Everything in the records below from the line containing "SPINYE SPINYE Colorful" through the line containing "Statue St. Peregrine 6.25 inch Resin Painted" is to be reproduced exactly, those two lines included; no picture is to be copied.

[Start of section]

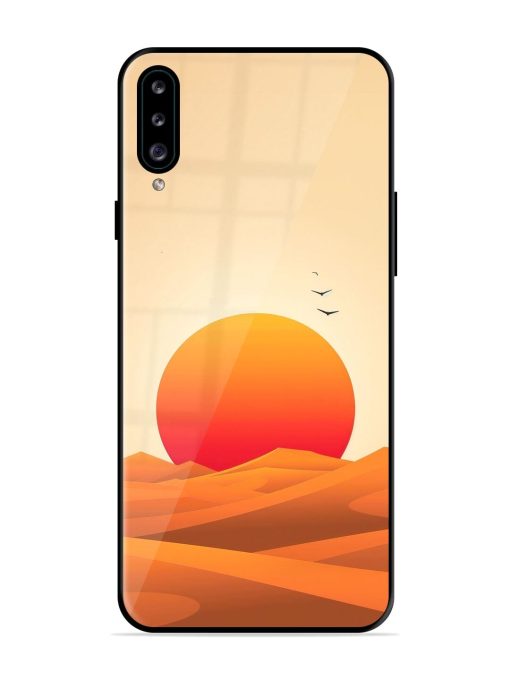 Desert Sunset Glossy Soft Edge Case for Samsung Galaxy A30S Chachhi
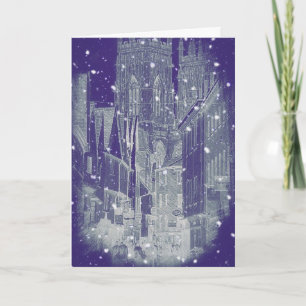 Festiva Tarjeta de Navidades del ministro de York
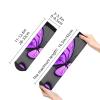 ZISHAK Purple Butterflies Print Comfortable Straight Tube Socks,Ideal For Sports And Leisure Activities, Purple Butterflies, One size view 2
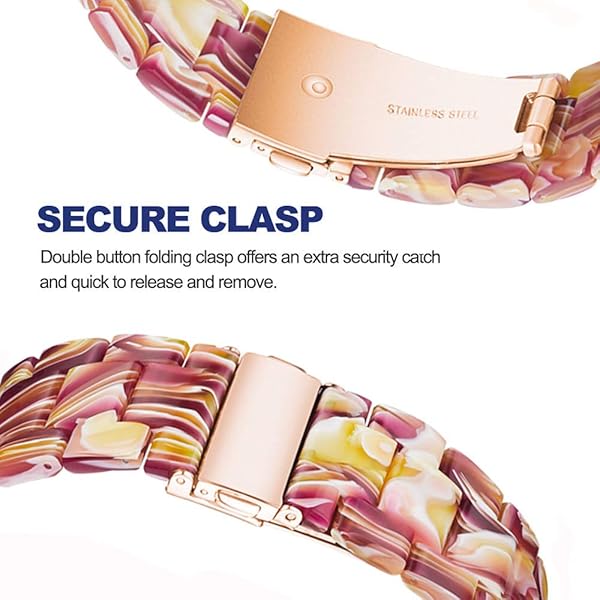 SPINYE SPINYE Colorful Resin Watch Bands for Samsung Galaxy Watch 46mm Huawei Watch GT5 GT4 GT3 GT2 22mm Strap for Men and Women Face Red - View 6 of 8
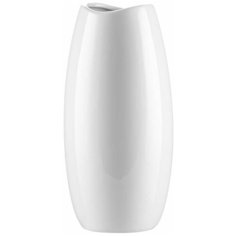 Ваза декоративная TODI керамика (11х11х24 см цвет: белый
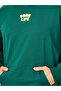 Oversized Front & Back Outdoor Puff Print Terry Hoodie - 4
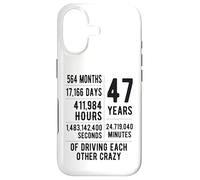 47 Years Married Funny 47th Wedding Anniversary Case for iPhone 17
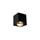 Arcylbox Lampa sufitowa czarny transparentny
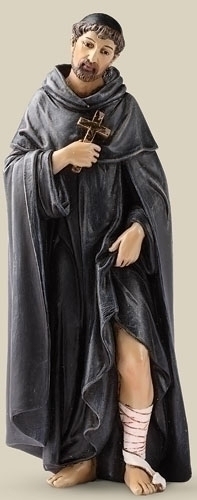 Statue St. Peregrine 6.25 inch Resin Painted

[End of section]
[Start of section]

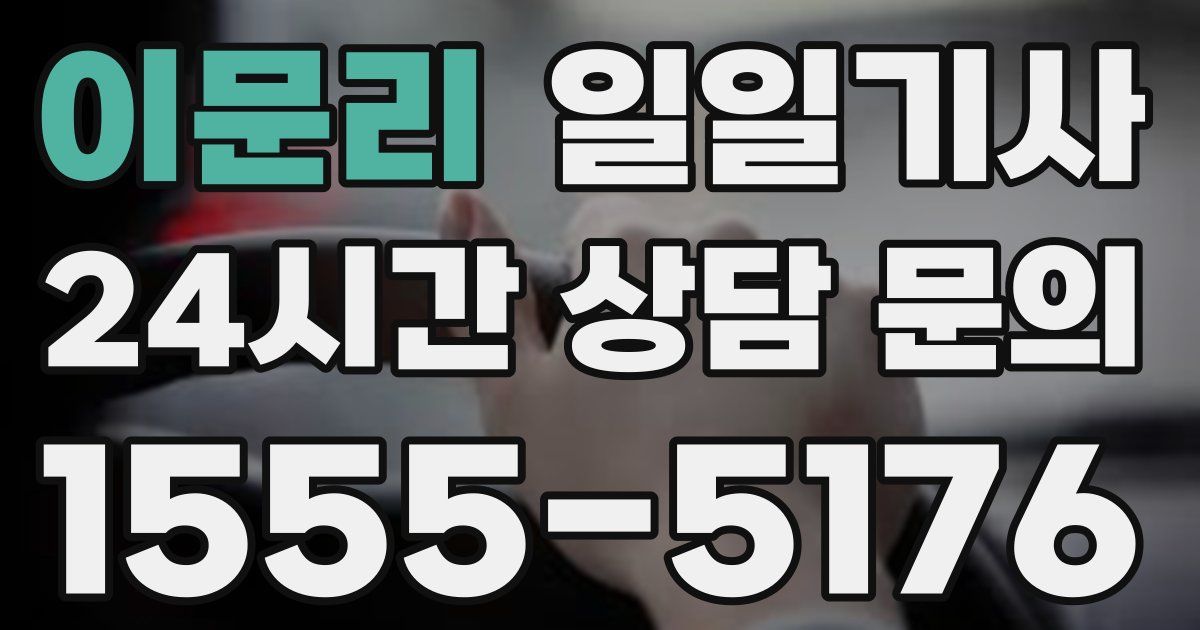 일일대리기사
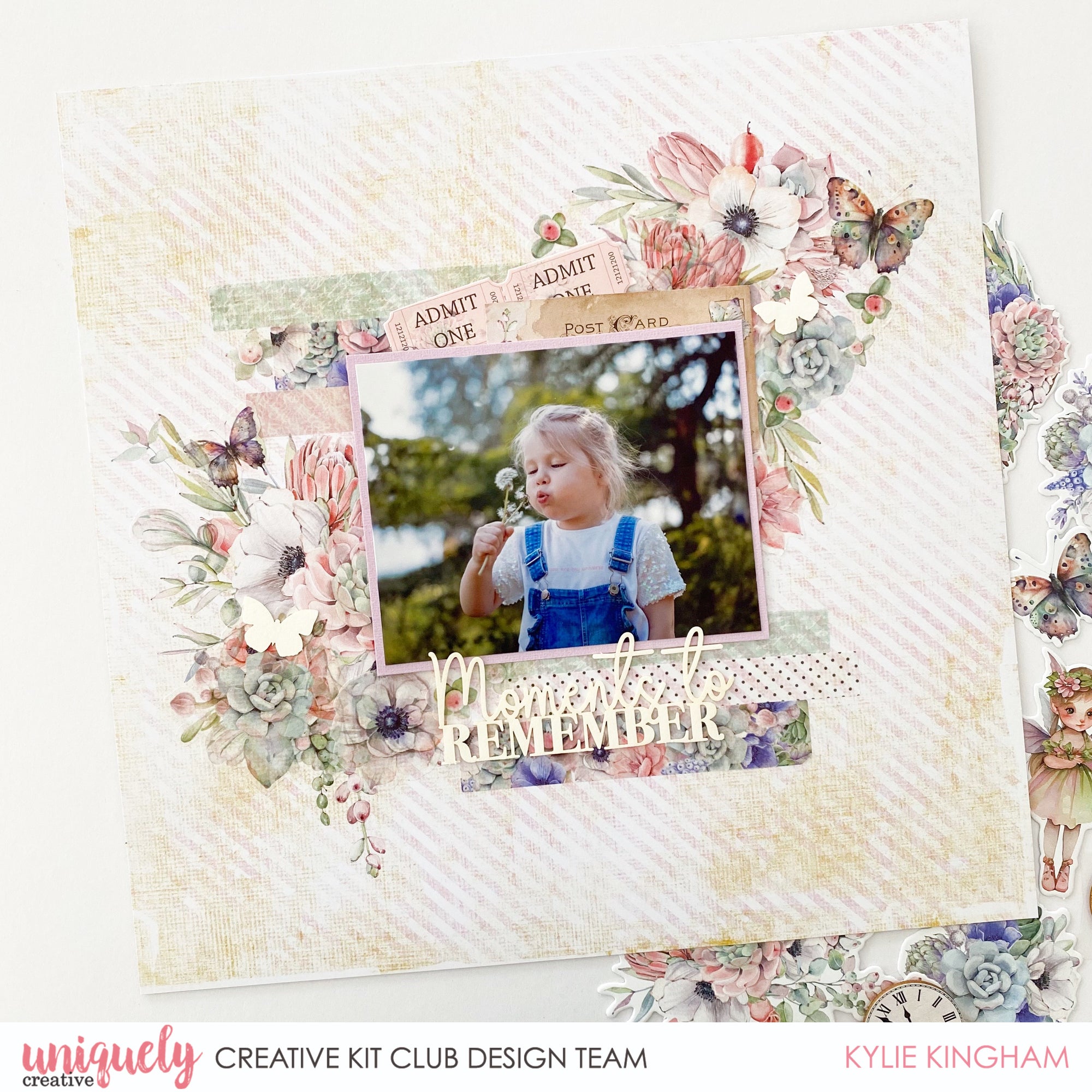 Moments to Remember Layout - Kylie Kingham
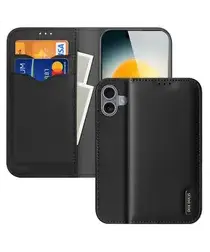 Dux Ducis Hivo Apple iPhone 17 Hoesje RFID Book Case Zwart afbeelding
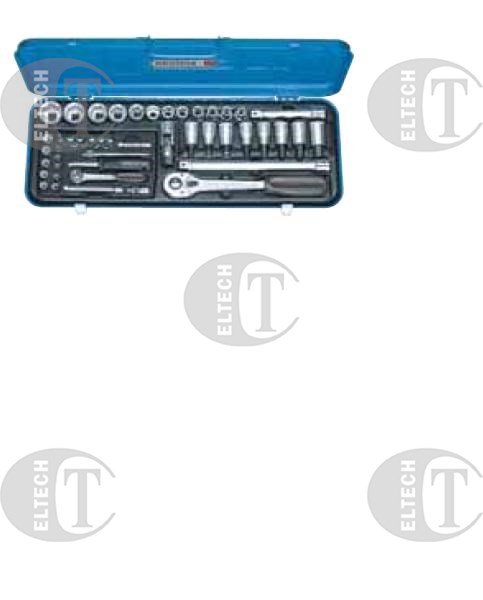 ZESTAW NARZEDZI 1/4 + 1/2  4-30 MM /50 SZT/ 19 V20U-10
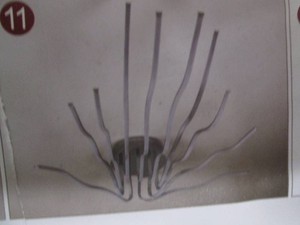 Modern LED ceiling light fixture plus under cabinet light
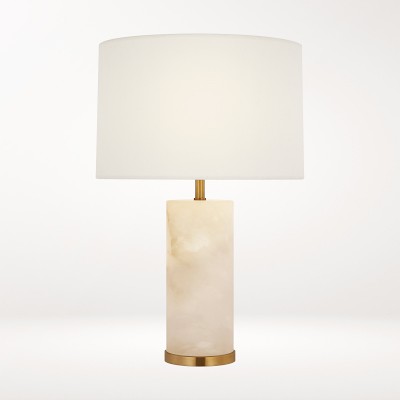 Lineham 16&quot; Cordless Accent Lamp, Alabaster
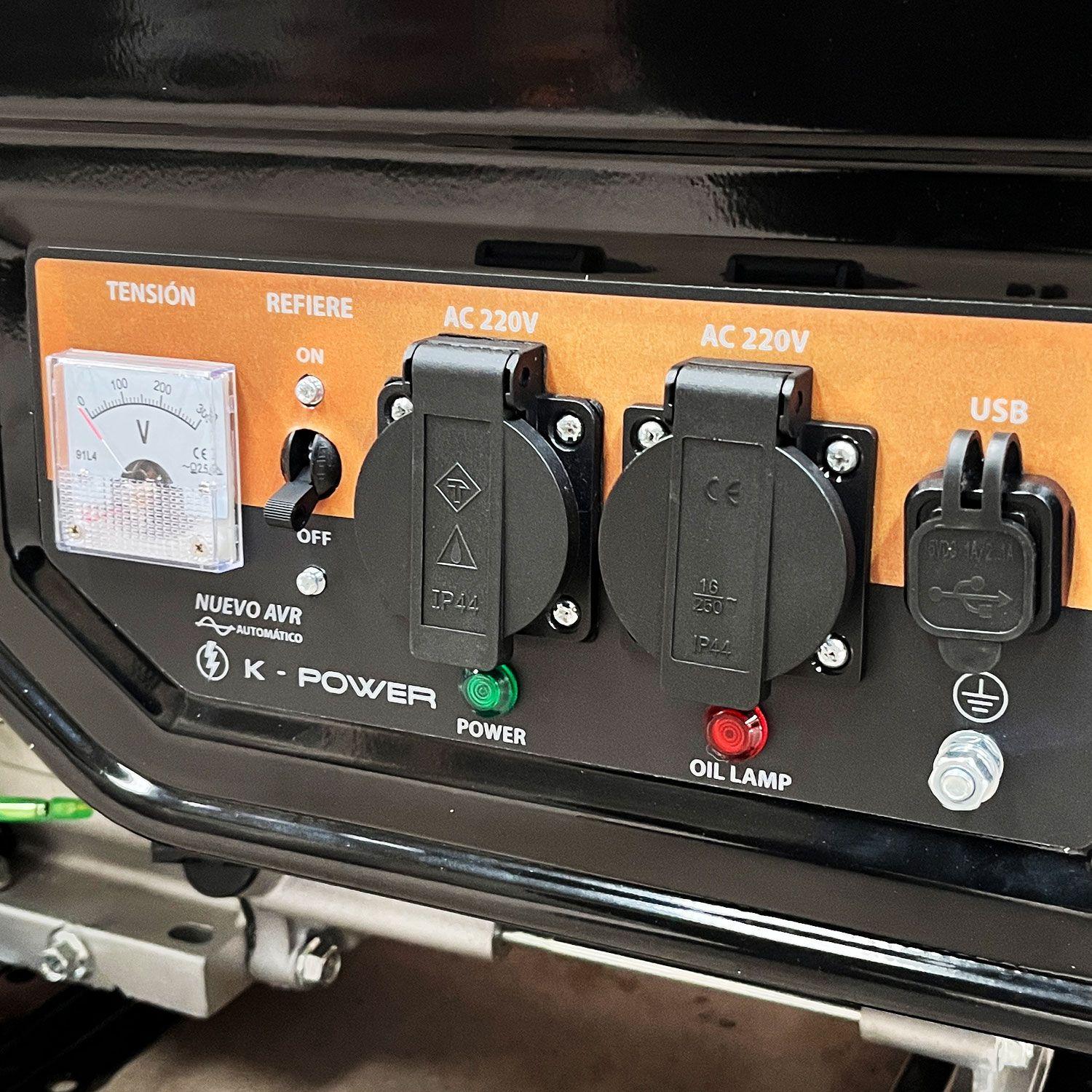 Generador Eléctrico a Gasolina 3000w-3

[End of section]

Response ▸
 SPINYE SPINYE Colorful Resin Watch Bands for Samsung Galaxy Watch 46mm Huawei Watch GT5 GT4 GT3 GT2 22mm Strap for Men and Women Face Red - View 6 of 8
 Ваза декоративная TODI керамика (11х11х24 см цвет: белый
 Oversized Front & Back Outdoor Puff Print Terry Hoodie - 4
 47 Years Married Funny 47th Wedding Anniversary Case for iPhone 17
 Arcylbox Lampa sufitowa czarny transparentny
 Statue St. Peregrine 6.25 inch Resin Painted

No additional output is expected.